Frantz Fanon: The Wretched of the Earth
23. November 2009 13:12
The withering away of the reality of the nation and the death-pangs of the national culture are linked to each other in mutual dependences. This is why it is of capital importance to follow the evolution of these relations during the struggle for national freedom. The negation of the native's culture, the contempt for any manifestation of culture whether active or emotional and the placing outside the pale of all specialised branches of organisation contribute to breed aggressive patterns of conduct in the native. But these patterns of conduct are of the reflexive type; they are poorly differentiated, anarchic and ineffective.
International events, the collapse of whole sections of colonial empires and the contradictions inherent in the colonial system strengthen and uphold the native's combativity while promoting and giving support to national consciousness.

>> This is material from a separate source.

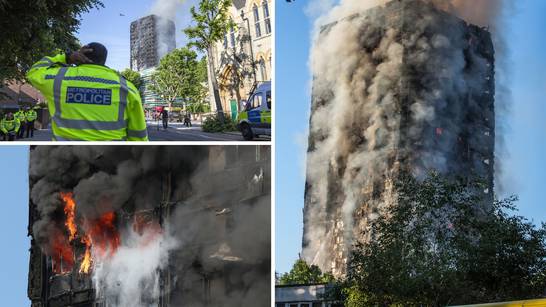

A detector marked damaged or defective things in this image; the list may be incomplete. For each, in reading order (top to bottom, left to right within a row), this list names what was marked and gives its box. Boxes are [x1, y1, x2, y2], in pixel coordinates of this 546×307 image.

Culture is first the expression of a nation, the expression of its preferences, of its taboos and of its patterns. It is at every stage of the whole of society that other taboos, values and patterns are formed. A national culture is the sum total of all these appraisals; it is the result of internal and external extensions exerted oversociety as a whole and also at every level of that society.
The nation is not only the condition of culture, its fruitfulness, its continuous renewal, and its deepening. It is also a necessity. It is the fight for national existence which sets culture moving and opens to it the doors of creation.